その建立にいたるまでの想いを、代表取締役社長の江夏順行にたずねた。
※新しく国家を建てること

1916年(大正5年)創業の霧島酒造初代社長である江夏吉助は、都城市下川東の本社内に、自然の恵みへの感謝として、霧島神宮をはじめとする地域の神社の御札を奉納し、祭壇を設け、社内の守護神として崇敬してきた。経緯は定かではないが、同じ頃に霧島神宮から分霊を受けたとされている。

霧島酒造初代社長 江夏 吉助

分霊の際には、宮司(神宮の長)が七日七夜かけて行う、とても重要なまつりが執り行われる。
そもそも、霧島神宮が霧島酒造のような一企業に分霊を行うということは珍しいことだという。
霧島神宮の関係者によると、「当時の霧島神宮の長は、吉助さんが常日頃から深く神を敬い、よく参拝にも訪れていたことを知っていたそうです。末代まで大切にしていただけそうな企業だと認めて、特別に分霊が決まりました」とのことだ。

霧島神宮

そのような流れもあり、1983年に2代目社長の江夏順吉も、1986年に竣工する当時の新工場(現 志比田工場)の建設にあたって、霧島神宮より新たに分霊をいただき、志比田に祭壇を設けている。この分霊が今の霧島焼酎神社のルーツとなっている。
順行は、霧島酒造のブランドの具現化にあたって、霧島焼酎神社は欠かせない存在だと考えていた。
「企業が長く続いていくためには、伝統などの付加価値をもつことが必要です。霧島焼酎神社には、伝統を感じられる要素がたくさんあります。あの霧島神宮から分霊をいただいたということに加え、ご祭神であるニニギノミコトの妃、コノハナサクヤヒメの父は、お酒の神様なんですよ」
この伝統という付加価値を、焼酎を飲んでくださっている方に、より身近に感じてもらいたいと、2014年4月、同神宮の承諾を得て、焼酎の里 霧島ファクトリーガーデン内に参道や鳥居などを備える神社として整え、遷座した。

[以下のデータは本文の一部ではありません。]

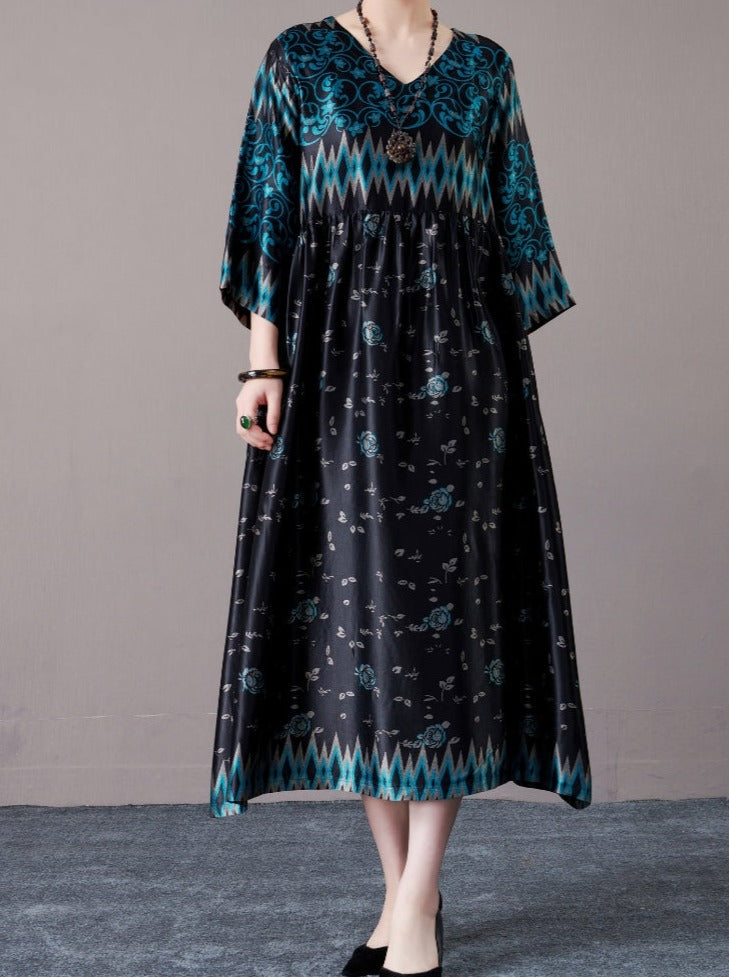 Bohemian Black and Silver Patterned Maxi Dress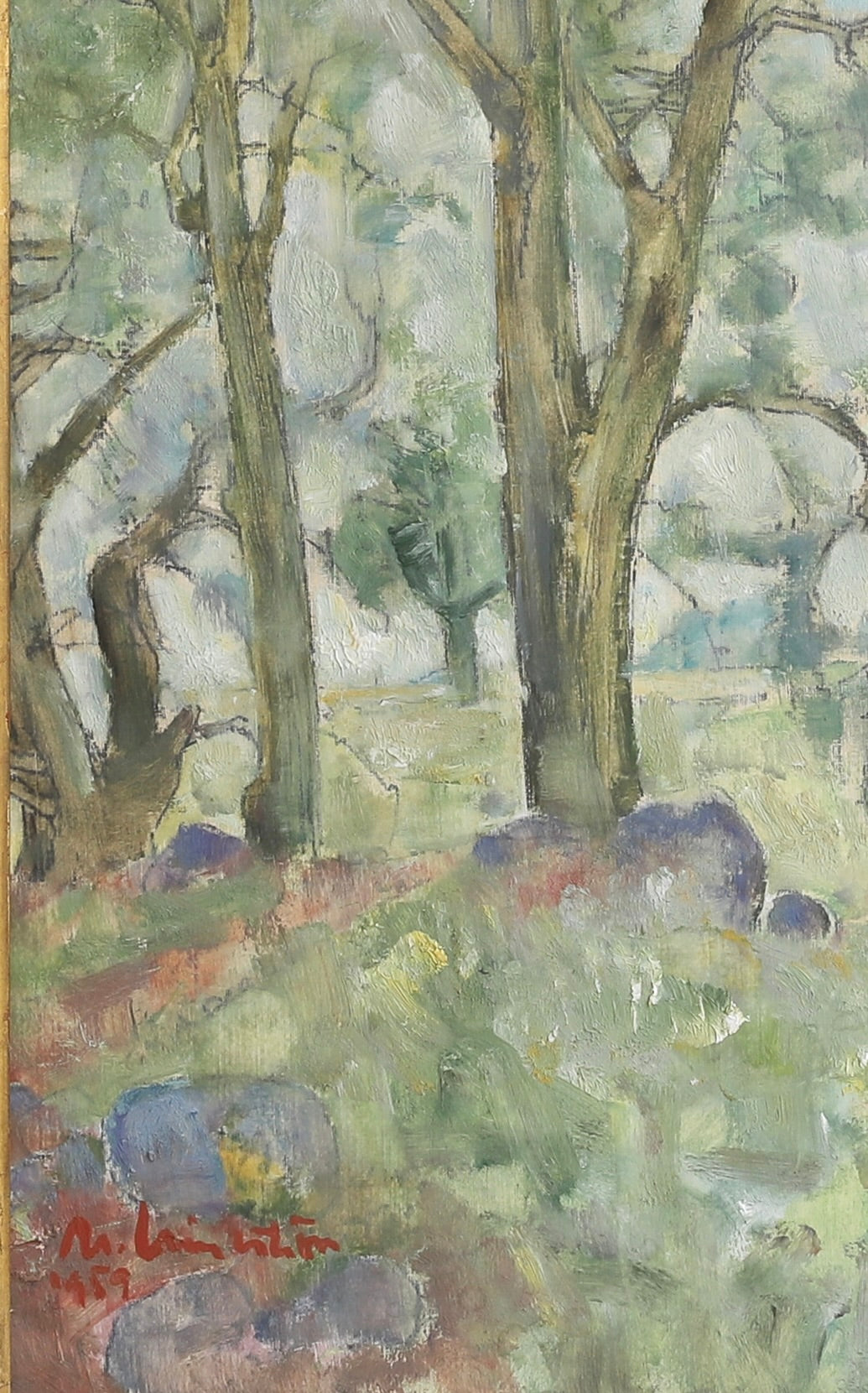 Mid Century Oil Painting By Listed Artist Martin Lindström Dated 1959 from Sweden
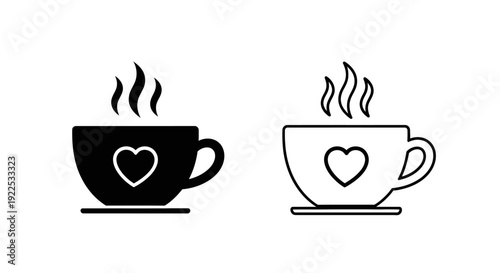 Coffee cup love heart icon design Vector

神社建立の際には、順行自ら、様々な民間企業の敷地内にある神社の視察を重ね、随所にこだわりを詰めた。
順行は若い頃、伊勢神宮で2週間ほど過ごしたことがあり、その際に感銘を受けた神明(しんめい)造りを採用。木造にし、ヒノキの四方丸太を取り寄せた。
神域とならない鳥居手前では、焼酎メーカーらしさを出しても良いのではと考え、かつてお酒の販売に使用していた甕(かめ)を手水鉢にするアイディアも取り入れている。
遷座祭(遷座に伴う儀式)は、従来なら本宮である霧島神宮に仕える人間のみで行うことが多い。しかし、このときは、吉助から続く奉仕もあって、特別に霧島酒造社員も役割をいただき参加したそうだ。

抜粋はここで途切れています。